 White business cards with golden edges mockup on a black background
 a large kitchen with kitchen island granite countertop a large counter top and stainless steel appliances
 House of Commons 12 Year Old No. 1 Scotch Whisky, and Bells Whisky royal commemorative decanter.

--

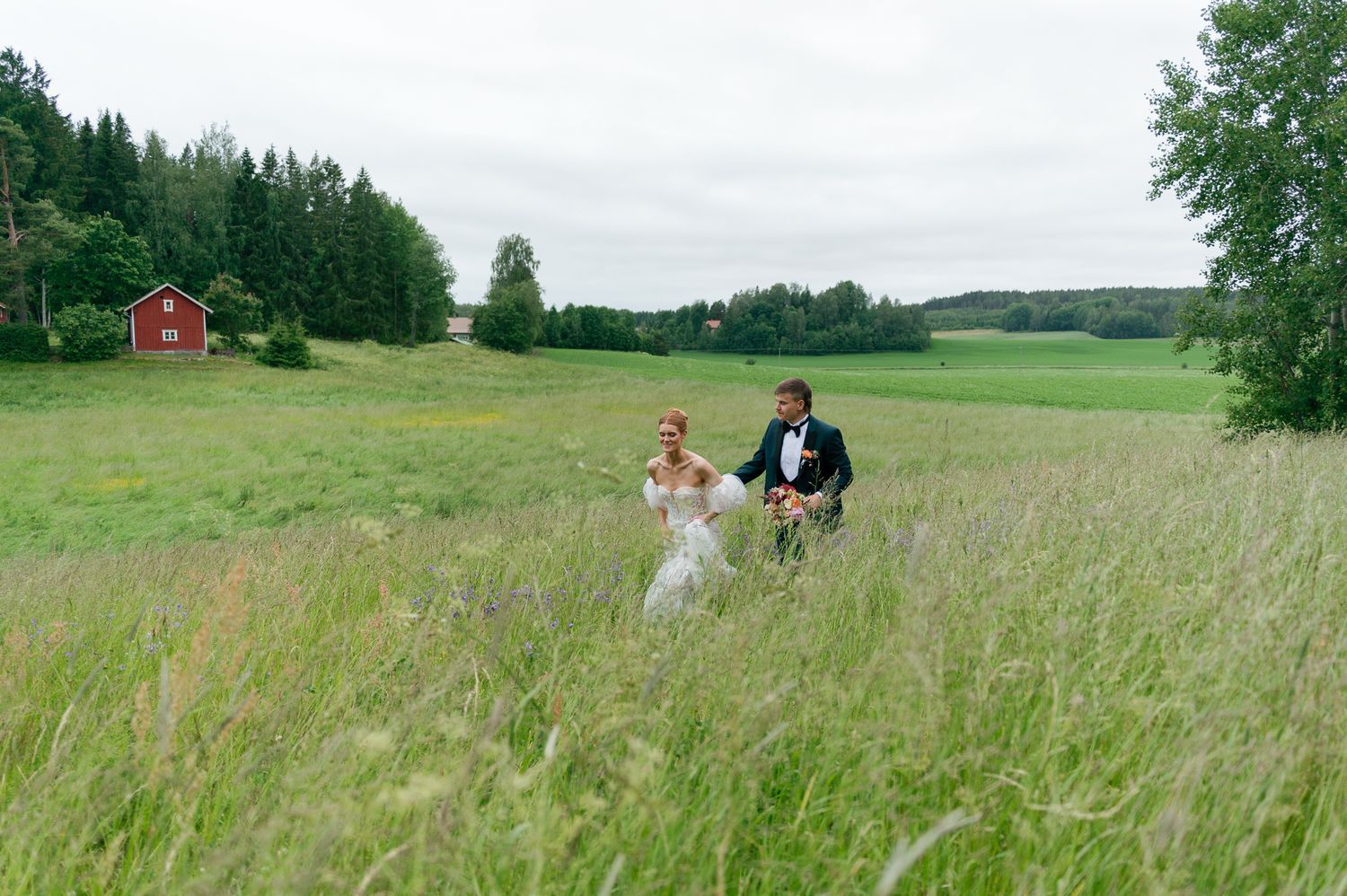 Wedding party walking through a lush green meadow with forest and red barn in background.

* * *

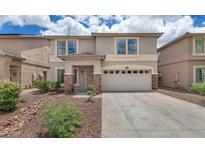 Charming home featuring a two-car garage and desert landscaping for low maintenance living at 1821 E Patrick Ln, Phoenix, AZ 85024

- _YOUR TASK_: Of the lines above, retype only those from the line containing "White business cards" through the line containing "House of Commons", including both, exactly.

- _WRITTEN REPLY_:
 White business cards with golden edges mockup on a black background
 a large kitchen with kitchen island granite countertop a large counter top and stainless steel appliances
 House of Commons 12 Year Old No. 1 Scotch Whisky, and Bells Whisky royal commemorative decanter.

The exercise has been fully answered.